According to ZDNet, the portal is a part of a database ransom scheme that has conceivably been started at the beginning of the year (2020) and going on till now. 

Hackers have been using SQL databases as leverage, leaving behind ransom notes and telling server owners to contact the attackers to get their data back. The hackers are downloading the databases and deleting the originals to threaten and scare the victim. The initial ransom notes asked victims to contact the attackers via email. But as the operation grew throughout the year, the attackers also automated their Database ransom scheme with the help of a website on the dark web. It was first hosted online at sqldb.to and then moved to dbrestore.to. Currently, the hackers have shifted to an Onion address.

Image Source: ZDNet

Victims are given a unique ID to enter in the portal that is found in the the ransom note. Only then are they presented with the page where their data is being sold.

Image Source: ZDNet

Victims who fail within a nine-day period can see their data put up for auction on another section of the portal.

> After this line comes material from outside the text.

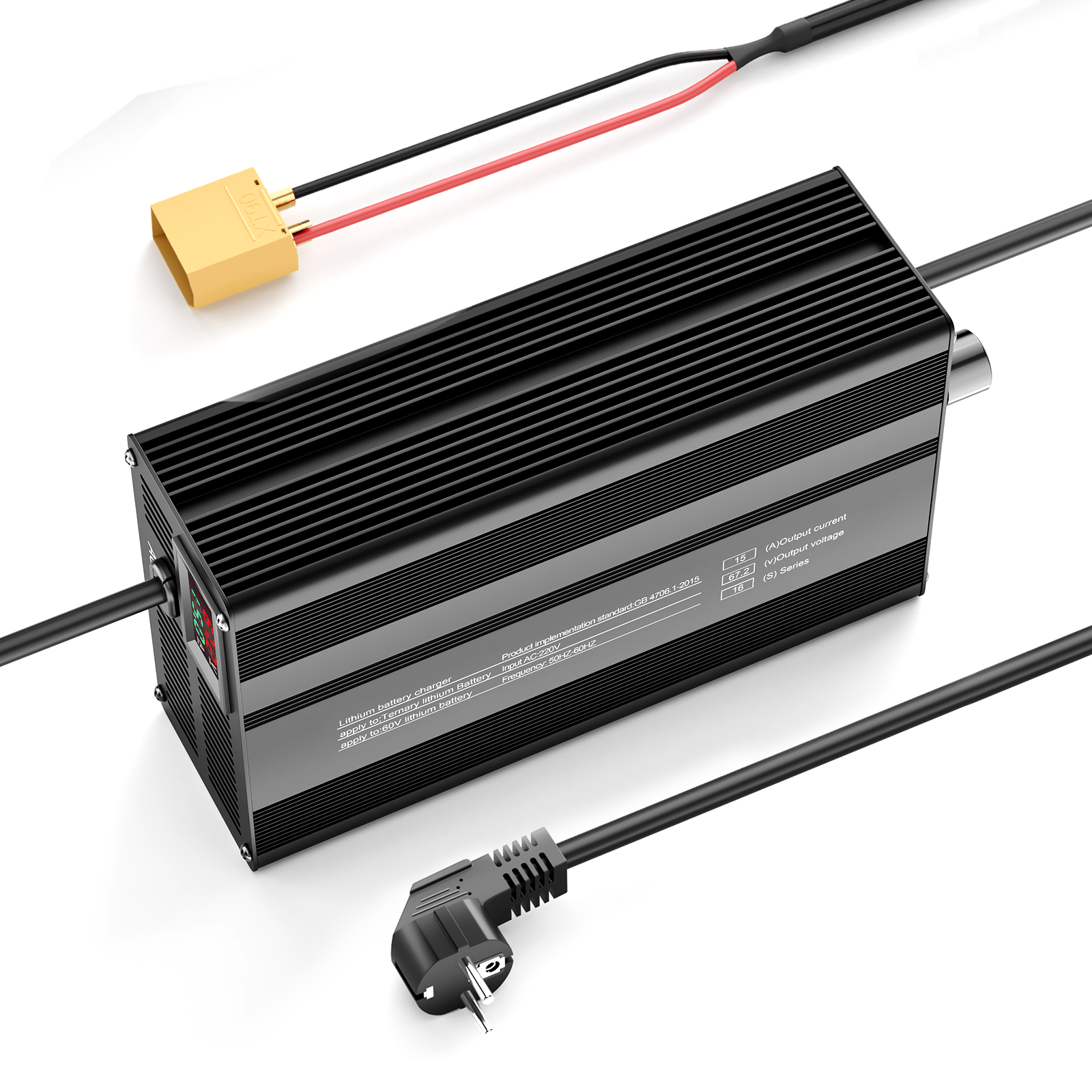 Suraziki 67.2V 1-15A Current Adjustable Lithium Battery Charger for 16S 59.2V Li-Ion/Ternary Lithium/Polymer Batteries, Ebike Scooter Battery Charger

The price for recovering a stolen SQL database must be paid in bitcoin. The actual price has varied throughout the year but has usually rounded up to a $500 figure for each site.

This could suggest that both the DB intrusions and the ransom/auction web pages are automated and that attackers don’t analyze the hacked databases for data that could contain a higher concentration of personal or financial information.

This year, 2020 has witnessed a heightened activity in cyber attacks and ransomware. The number of complaints from server owners finding the ransom note inside their databases showing up on famous sites such as Reddit, the MySQL forumstech support forumsMedium posts, and private blogs.

These attacks mark the most concerted effort to ransom SQL databases since the winter of 2017 in a series of attacks that also targeted big website databases such as MongoDB, Elasticsearch, Hadoop, Cassandra, and Couch DB servers as well.